→ **Material for this task**
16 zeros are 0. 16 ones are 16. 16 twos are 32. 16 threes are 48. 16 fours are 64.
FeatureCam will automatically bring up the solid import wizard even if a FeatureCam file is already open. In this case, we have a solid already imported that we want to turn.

---

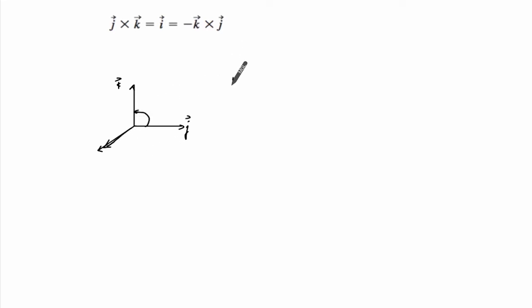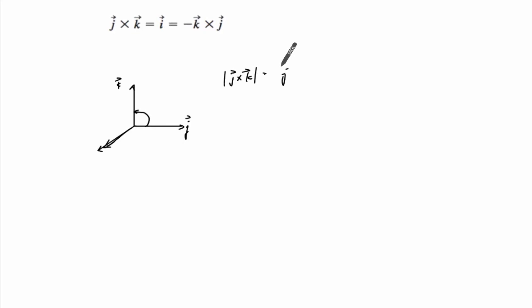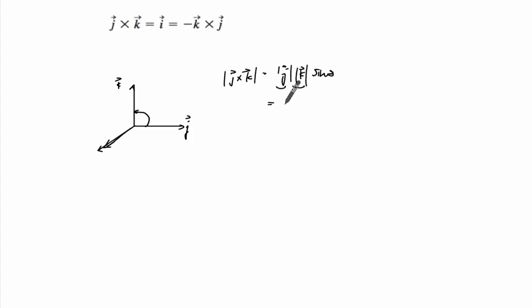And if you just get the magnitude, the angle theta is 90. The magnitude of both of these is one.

==

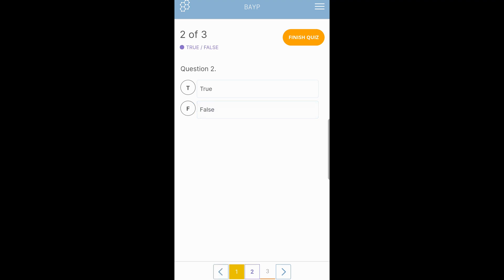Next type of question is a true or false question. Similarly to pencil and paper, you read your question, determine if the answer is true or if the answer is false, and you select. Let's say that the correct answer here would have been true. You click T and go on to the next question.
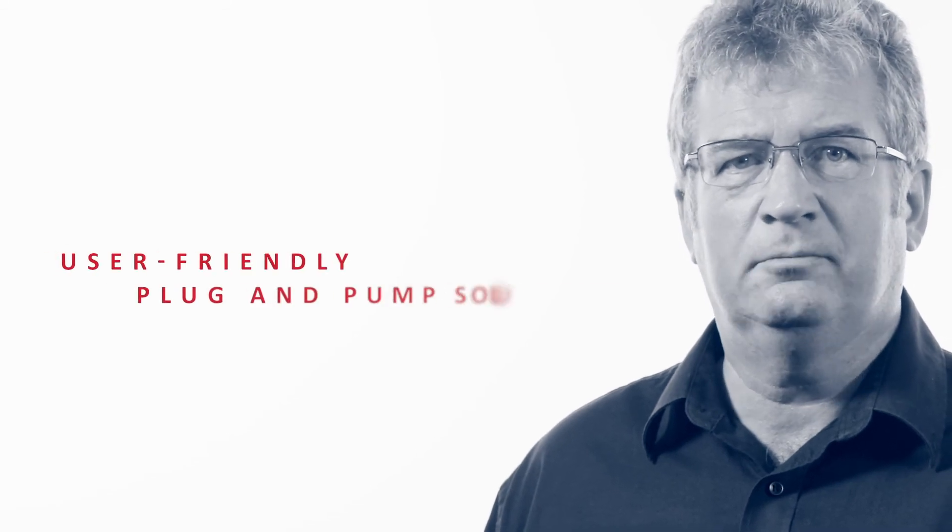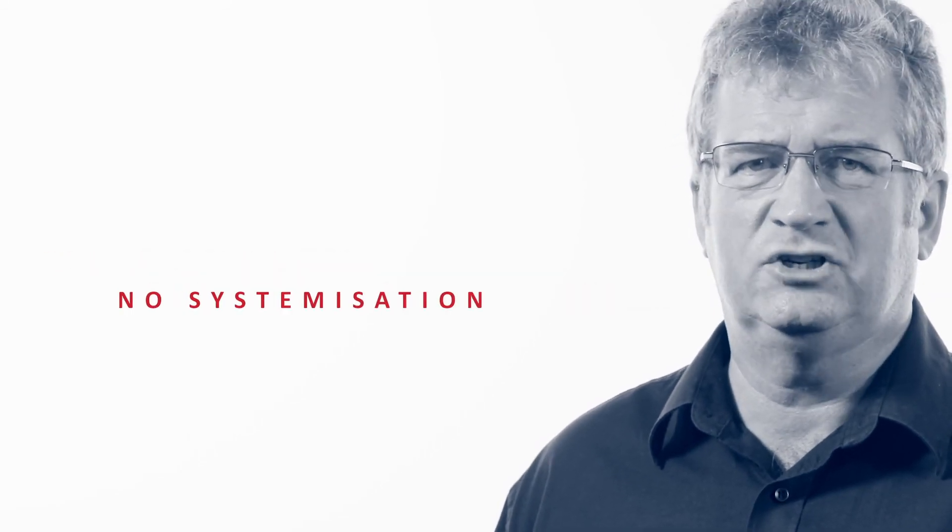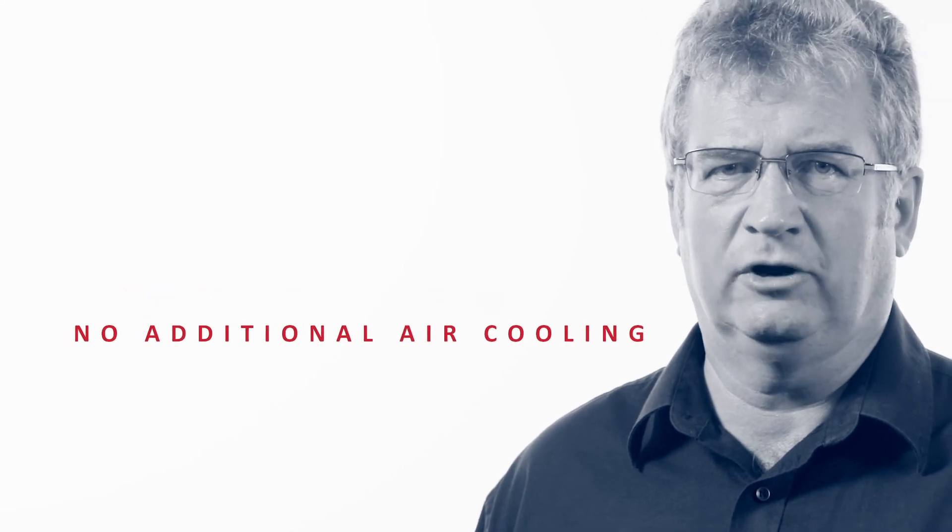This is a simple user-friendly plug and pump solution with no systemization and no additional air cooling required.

→ **Aim of the exercise**
Set down exactly the lines above, from the line containing "Next type of" through the line containing "This is a simple". Skip the pictures.

→ **Written solution**
Next type of question is a true or false question. Similarly to pencil and paper, you read your question, determine if the answer is true or if the answer is false, and you select. Let's say that the correct answer here would have been true. You click T and go on to the next question.
This is a simple user-friendly plug and pump solution with no systemization and no additional air cooling required.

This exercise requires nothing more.